Construire son projet et grandir avec lui
Ubériser sa carrière, c’est aussi se placer dans une logique d’autonomie, y compris face à son propre employeur. La différence n’a jamais été aussi grande entre le salarié «de base» et celui qui construit son projet en interne. Développer son projet, c’est l’occasion d’affirmer une vision, d’imprimer ses valeurs, de choisir son équipe ; en un mot, de changer les choses – la définition du leader. C’est aussi s’offrir le luxe de grandir avec lui, porté par une énergie collective, un souffle créatif, au lieu de s’épuiser à décrocher le poste d’après. «On le constate chez les jeunes : ce qui compte avant tout pour eux, c’est de devenir soi (le fameux processus d’individuation), de retrouver la maîtrise de leur identité au travail, analyse Jean-Louis Magakian, professeur en stratégie et organisation à l’EM Lyon, à l’origine du concept d’ »egopreneurs ». C’est une réponse à l’écrasement du système, à la pression qu’imposent les entreprises. On investit dans sa personne pour échapper aux luttes politiques en interne, au dysfonctionnement du management. On est bien dans une ubérisation des comportements et des attentes, dans le sens où le modèle économique d’Uber consiste à se défausser de l’investissement capitalistique pour mieux conserver l’étape clé de la valeur.»
Penser l’après-50 ans
Après une carrière menée tambour battant à la direction de la communication de grands groupes (BNP Paribas, Kering), Louise Beveridge a décidé – ce sont ses termes — de s’«ubériser». «J’étais arrivée à un moment où j’avais rempli la mission pour laquelle j’avais été recrutée, je savais qu’un jour ou l’autre l’entreprise aurait besoin d’un profil différent pour entamer une nouvelle étape de son développement, explique-t-elle.
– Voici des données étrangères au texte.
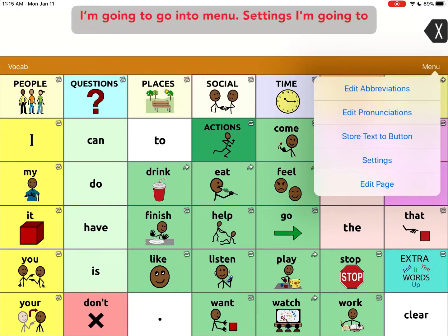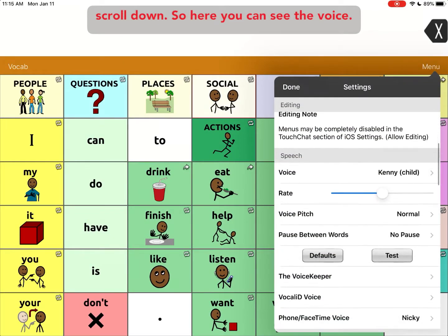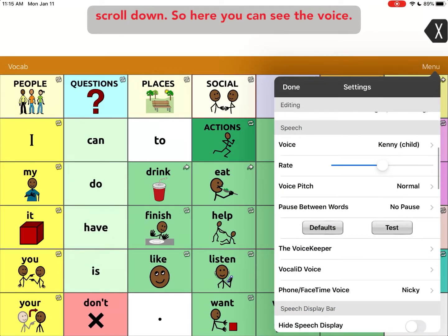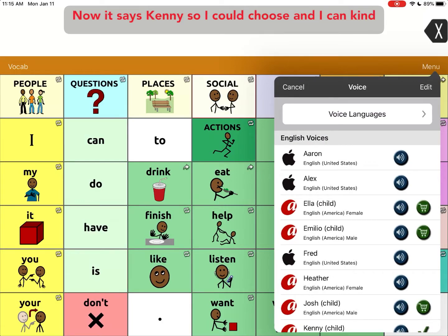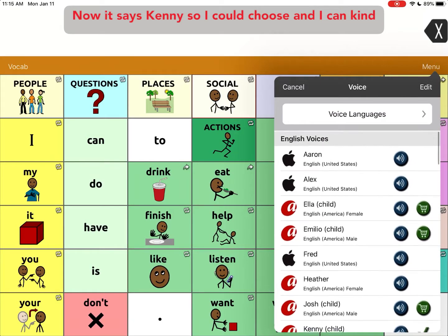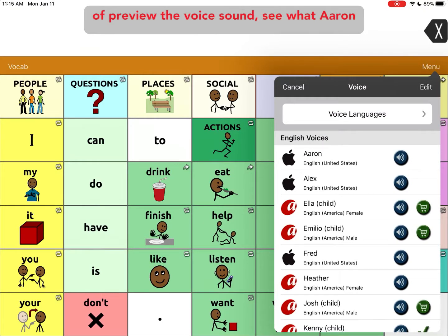I'm going to go into menu settings and scroll down. Here you can see the voice — right now it says Kenny.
Je n’avais pas très envie d’attendre derrière mon bureau que cela arrive. Mes enfants étaient élevés, partis de la maison. J’avais fait le tour de mon métier, je ressentais le besoin de me renouveler et d’être utile en ayant un horizon plus large que celui de l’entreprise. Du simple point de vue de la terminologie, il y a quelque chose d’un autre âge à vouloir passer sa vie dans une « boîte ».» Elle décide donc de quitter son poste – un des plus enviés de Paris – pour… la page blanche.
«Pour créer quelque chose de neuf, il faut du vide autour de soi, avance-t-elle. Un espace pour que les idées surgissent. C’est difficile, angoissant, cela demande du courage, l’entourage vous explique que c’est la bêtise de votre vie. Mais, pour moi, c’était un chemin identitaire. La transition m’a pris trois ans.» Au fil des mois naît une structure à plusieurs branches, centrée sur le conseil en communication, son expertise. S’y sont raccrochés la transmission – Louise préside désormais la formation professionnelle en communication de Sciences Po ; la formation – elle en termine une à l’Institut européen d’administration des affaires (Insead), pour devenir administratrice de grands groupes ; enfin, l’engagement pro bono dans des causes qui lui tiennent à cœur, comme le sommet Women in Africa, lancé par Aude de Thuin.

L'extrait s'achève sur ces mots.